Maddys Mund stand offen, als sie begriff, was der Tribal meinte. Es traf sie wie ein Schlag, als ihr klar wurde, wie weit sie sich erniedrigen musste, um Roter Speer zu retten. Jungfrauen waren als Sklavinnen weit mehr – das x-fache wert, das wusste sie, wenn auch nur zufällig. Sie hätte nur nie gedacht, dass es sie jemals betreffen könne. Maddy wurde rot, rang mit sich, schaffte – irgendwie – ein Nicken. Das eigentlich Bedenkliche daran: Die junge Frau war sich dessen gar nicht so sicher, wusste sie doch nicht viel mehr über ihre eigene Sexualität, als sie mit Giant gemeinsam herausgefunden hatte. So fürchtete sie, dass sie eine glatte Lüge aussprach.

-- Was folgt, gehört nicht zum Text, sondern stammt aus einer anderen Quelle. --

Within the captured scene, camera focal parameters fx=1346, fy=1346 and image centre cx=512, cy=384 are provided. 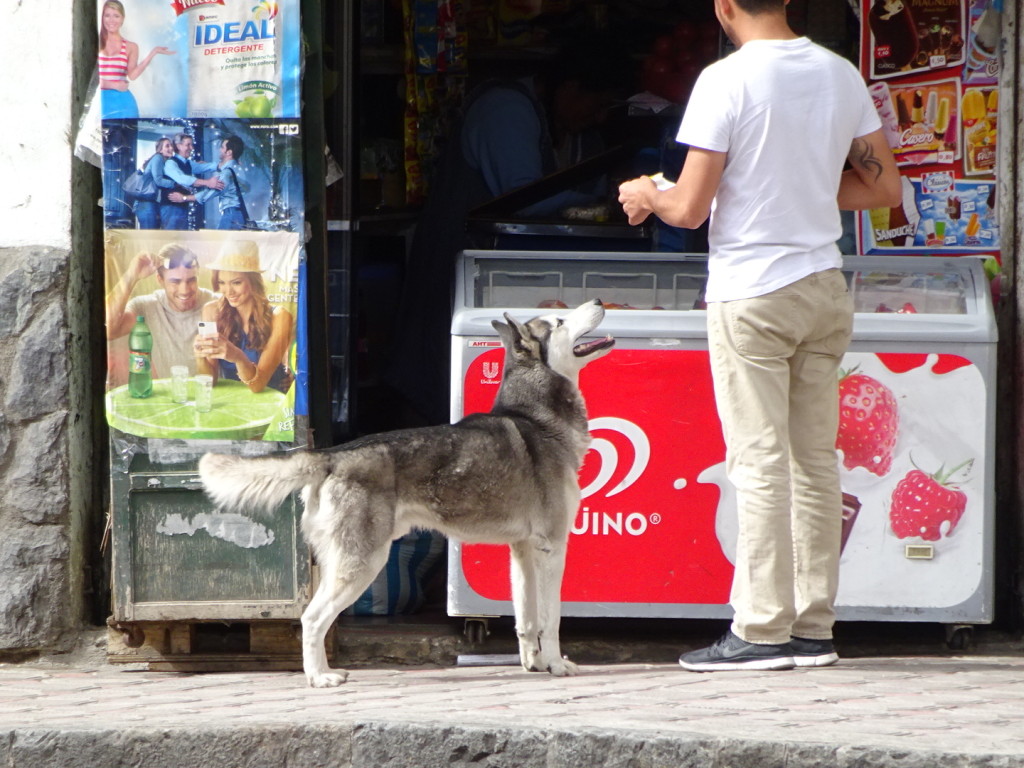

Der ältere Krieger hob die Augenbrauen. „Unser Herr wird das nachprüfen lassen. Solltest du lügen, verfüttern wir deinen Freund hier…oder was er sein mag…an die Ecars. Hast du das verstanden?“ Maddys Knie fühlten sich an wie der lustige Pudding, den es im Orden an hohen Feiertagen wie dem Geburtstag von Magnus Adams immer gegeben hatte. „Ja“, stieß sie hervor. Zeit…sie hatte Zeit gewonnen – für diesen jungen Tribal, von dem sie noch vor wenigen Minuten nicht einmal hätte sagen können, dass zwischen ihnen eine Freundschaft bestand. Dessen sie sich ausgerechnet jetzt aber sicher war. „Helft ihr ihm jetzt?“ „Das Schwert“, erinnerte sie der jüngere Tribal kühl. Sie legte die Klinge vorsichtig auf den Boden. Der jungen Kriegerin blieb nur die Hoffnung, dass sich die Fremden an die Abmachung halten würden – denn sie besaß nun nichts mehr, um sie dazu zu zwingen. „Ihr vier tragt den Jungen“, hörte sie den älteren Stammeskrieger befehlen, während zwei andere Söldner ihre Hände auf dem Rücken fesselten. Roter Speers Ecar beäugte die Fremden misstrauisch – und raste plötzlich davon. Der jüngere Tribal fluchte, senkte den Wurfspeer, mit dem er ihn hatte töten wollen. „Er könnte zurückkehren“, meinte der Ältere dazu emotionslos. „Haltet die Augen nach dem Ecar offen.“ Die fünf Söldner schienen enttäuscht, besonders jener eine, den Maddy anfangs herausgefordert hatte.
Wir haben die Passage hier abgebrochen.